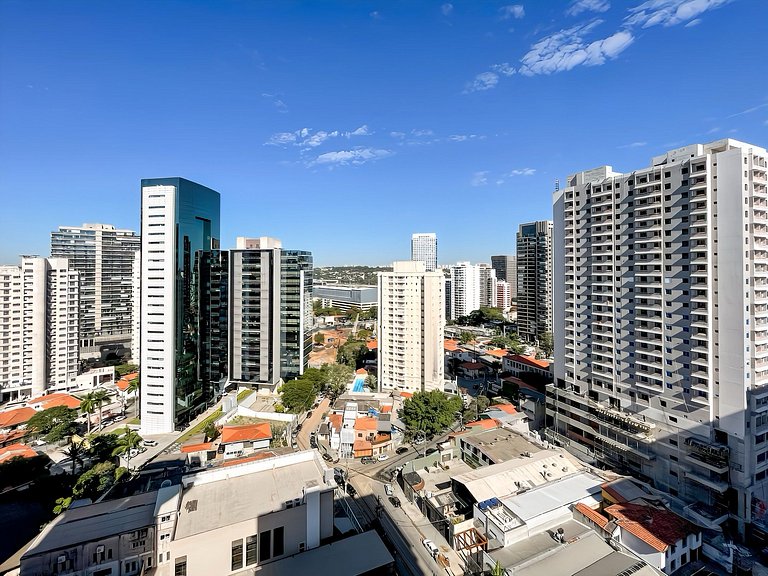 18ª andar, com piscina, perto do metro Faria Lima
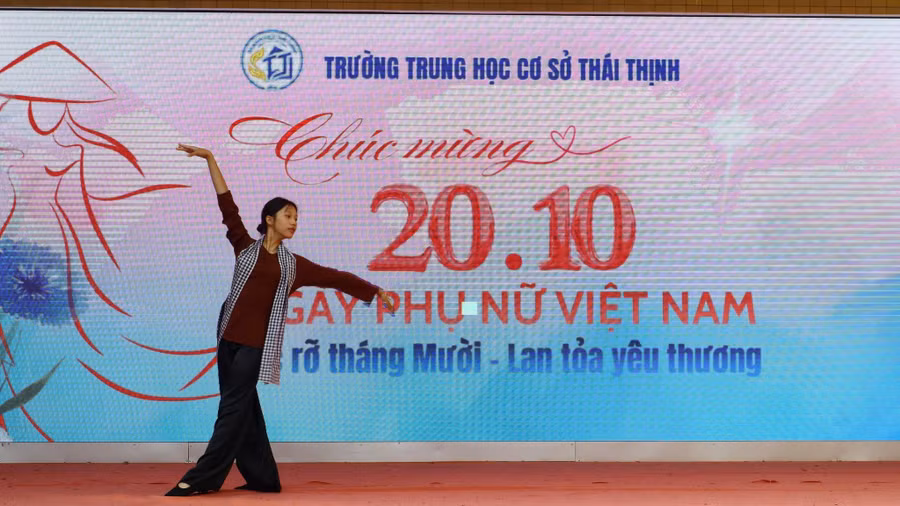 Nhiều hoạt động ý nghĩa để chào mừng ngày 20/10 được thầy trò Trường THCS Thái Thịnh hưởng ứng.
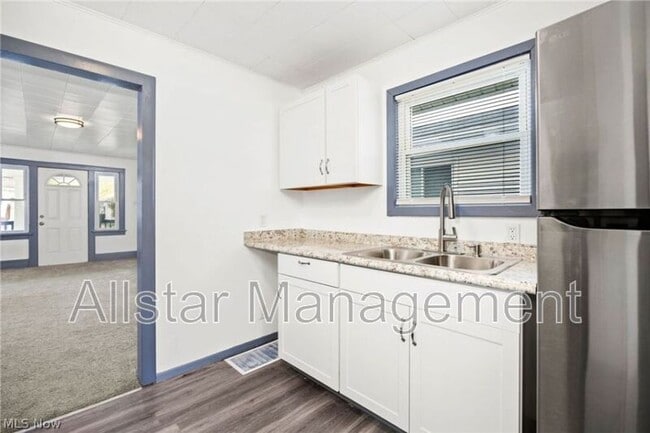 Building Photo - 961 Wyley Ave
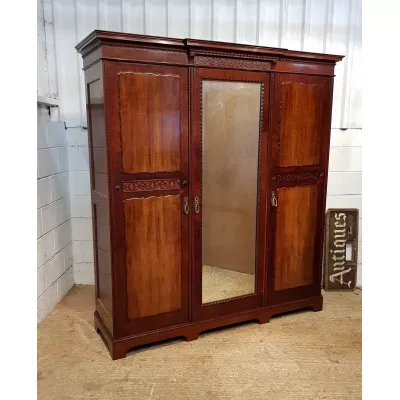 Edwardianischer Antiker Englischer Mahagoni Compactum Kleiderschrank ca. 1900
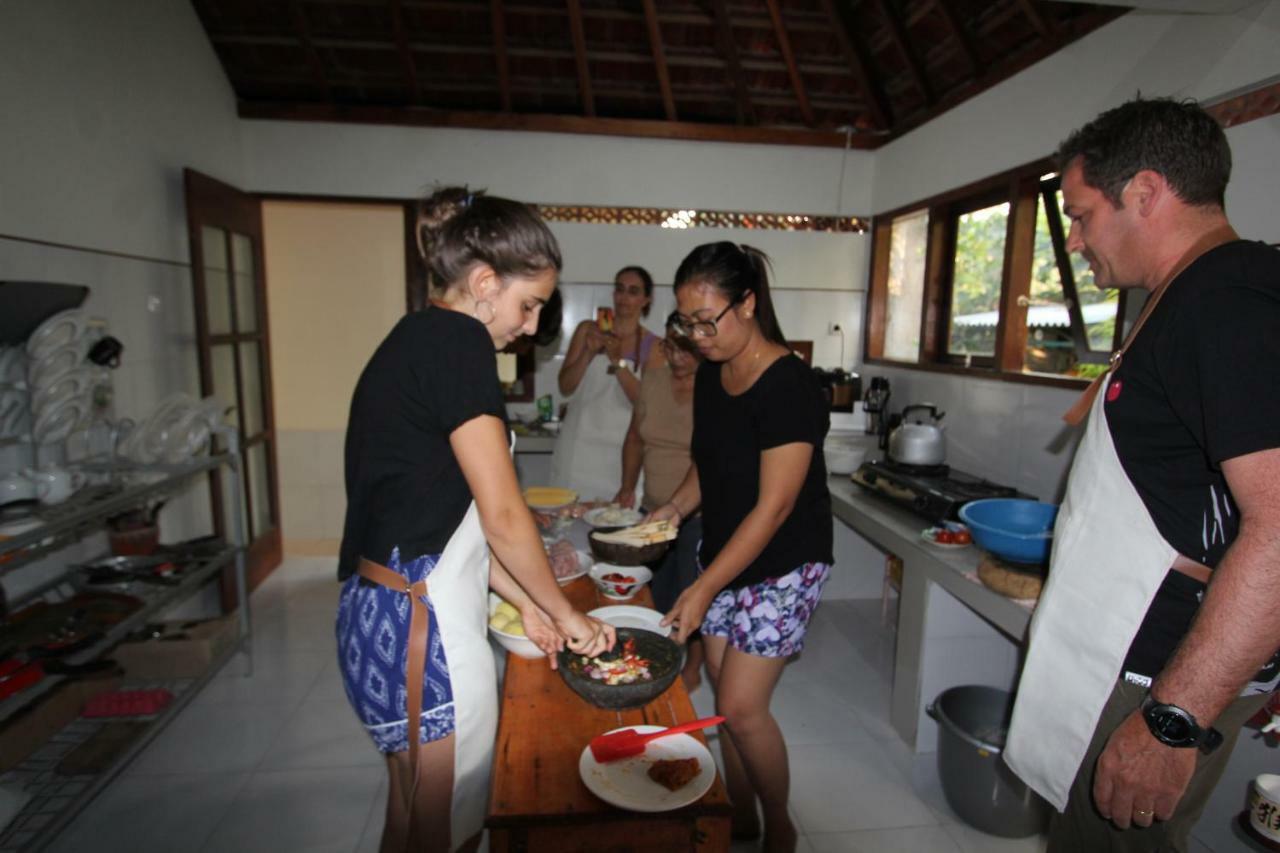 Kubu Shanti Sanda Munduk Buitenkant foto
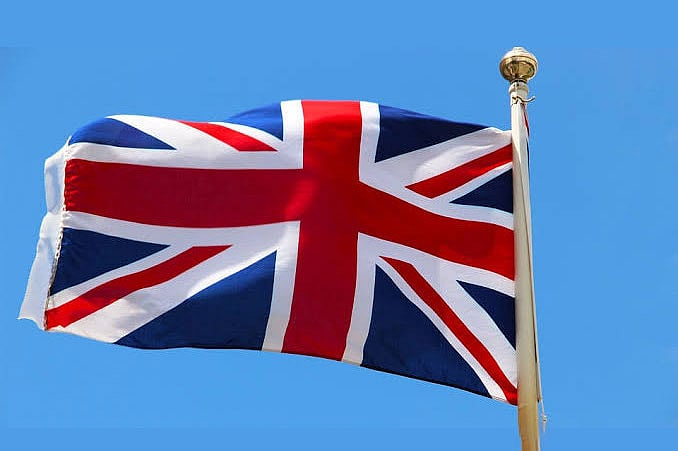 যুক্তরাজ্যে শরণার্থীর সংখ্যা এক বছরের ব্যবধানে ২৬% কমেছে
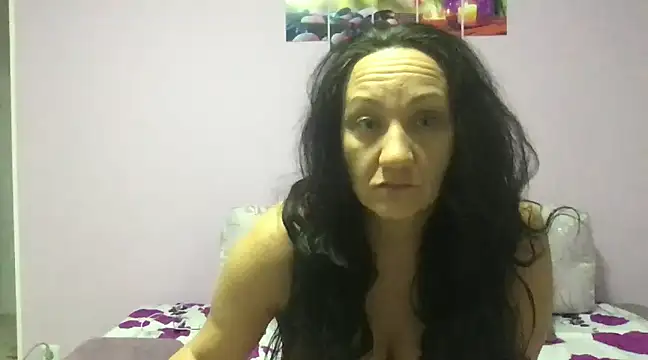 karllaa1234 online show from February 26, 2025, 7:10 pm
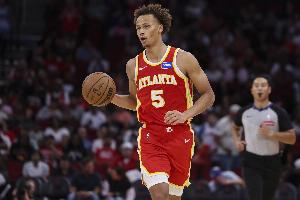 全能表现！丹尼尔斯9中6拿到12分9板6助3断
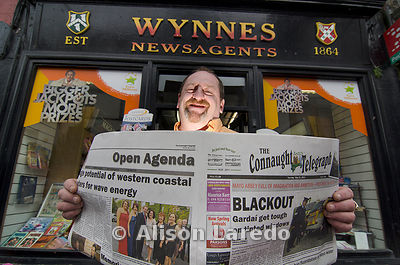 Wynne's shop ccastlebar, closes, june 2011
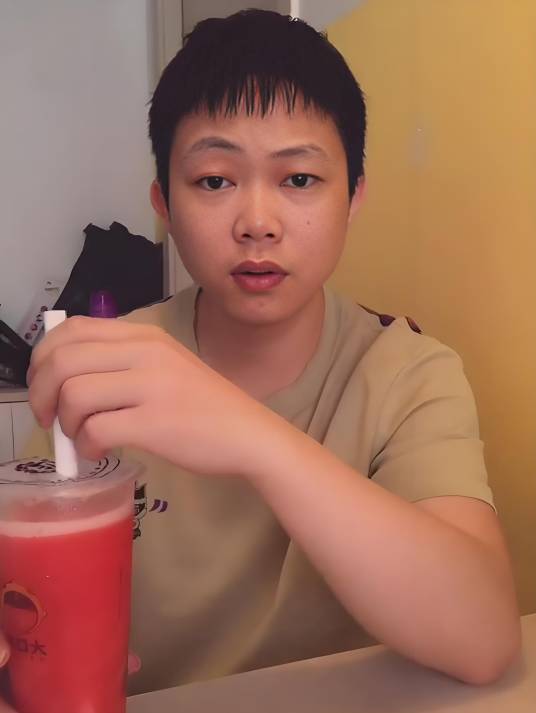 菲菲爱短剧
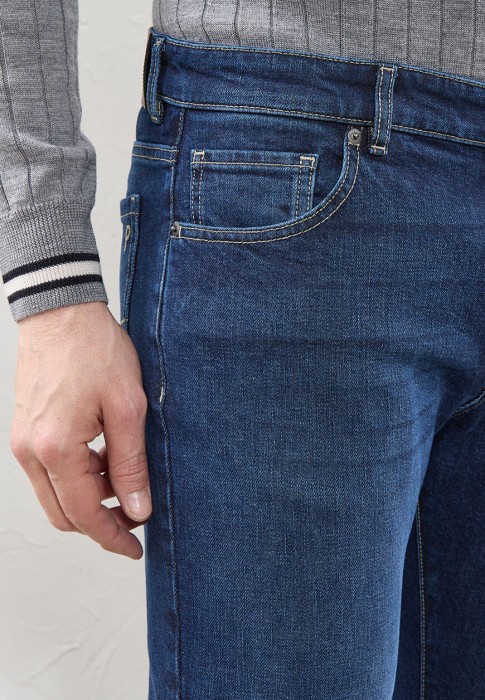 Товар синего цвета с внутренней стороны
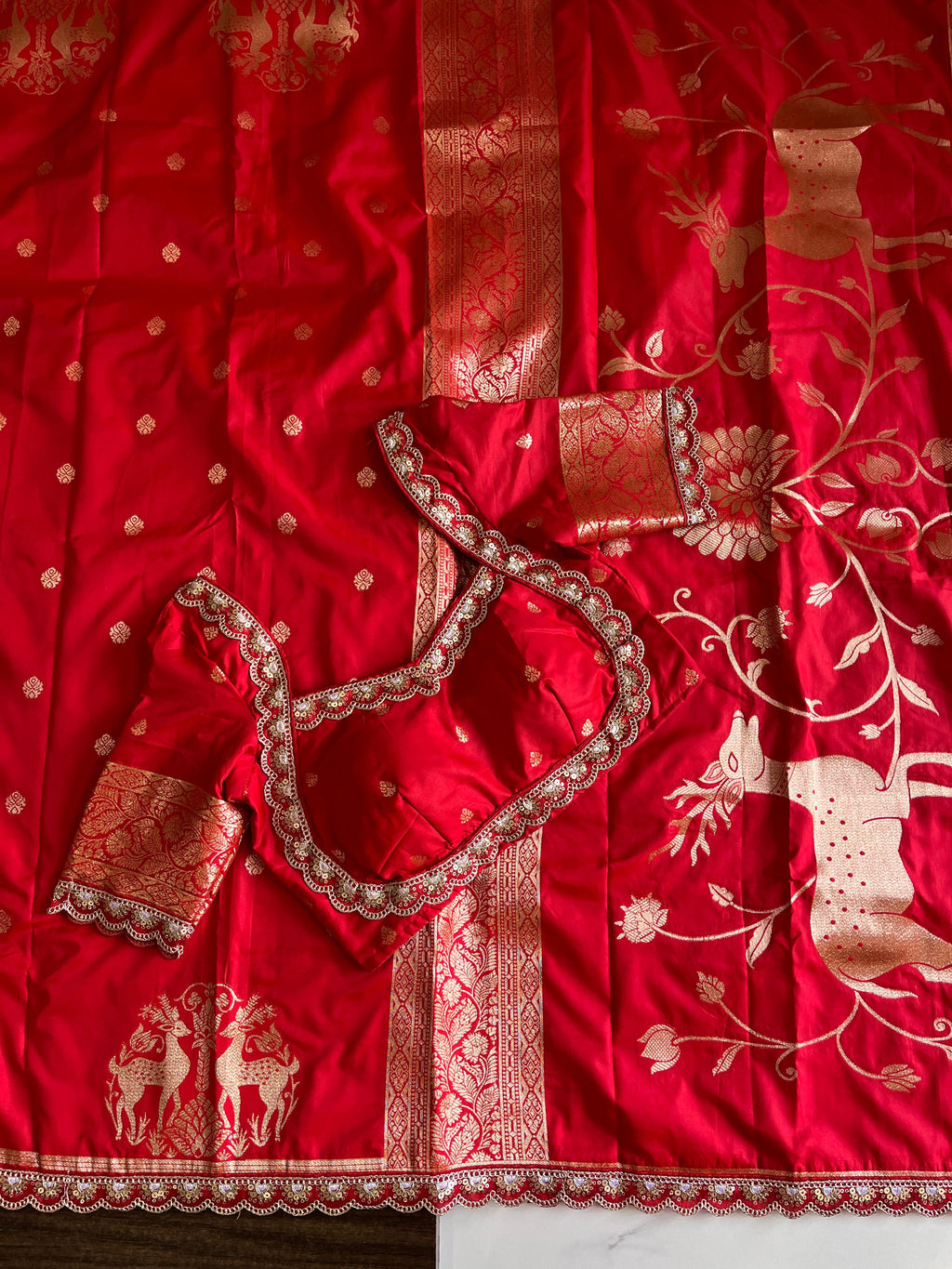 Premium Banarasi Pattu saree with elegant weaving Motifs design on all over the saree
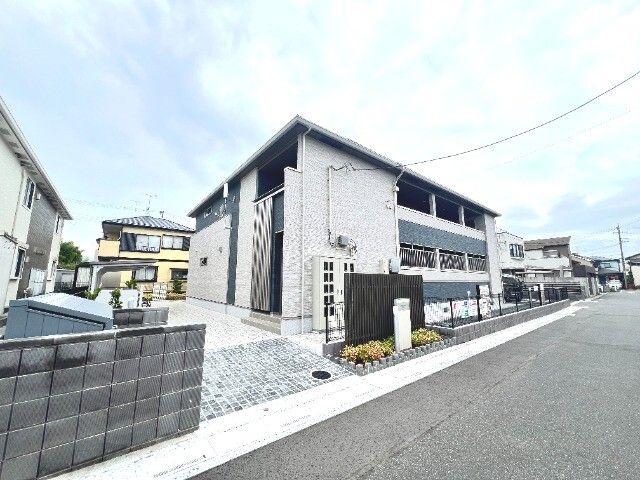 ��ʌ��k�����S�ɓޒ��h�S���ڂ̃A�p�[�g�̌����O��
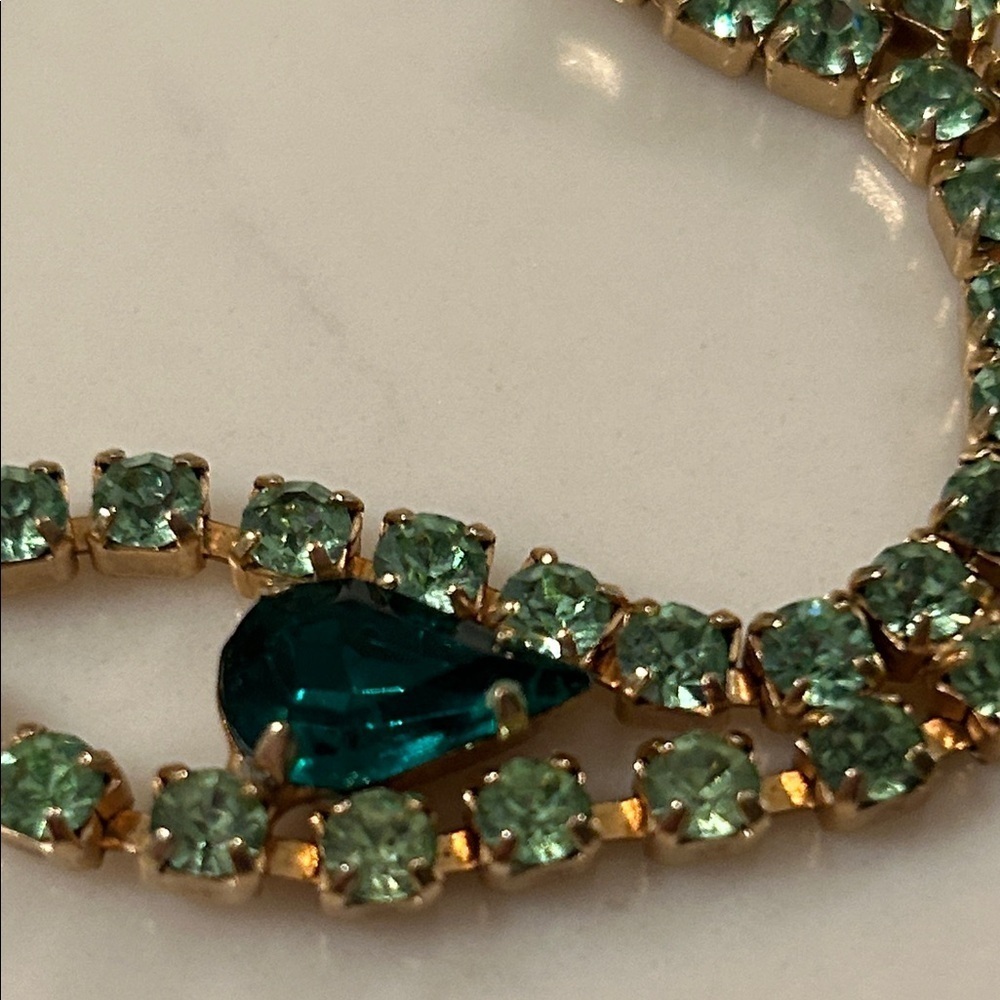 Vintage Elegant Gold and Green Bracelet - Picture 2 of 3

::::

*PROBLEM DESCRIPTION*: What should appear is an exact reproduction of the lines from the one with "Wynne's shop ccastlebar, closes, june 2011" through the end of the material above, and no pictures.

*RESPONSE FOR THIS EXERCISE*:
 Wynne's shop ccastlebar, closes, june 2011
 菲菲爱短剧
 Товар синего цвета с внутренней стороны
 Premium Banarasi Pattu saree with elegant weaving Motifs design on all over the saree
 ��ʌ��k�����S�ɓޒ��h�S���ڂ̃A�p�[�g�̌����O��
 Vintage Elegant Gold and Green Bracelet - Picture 2 of 3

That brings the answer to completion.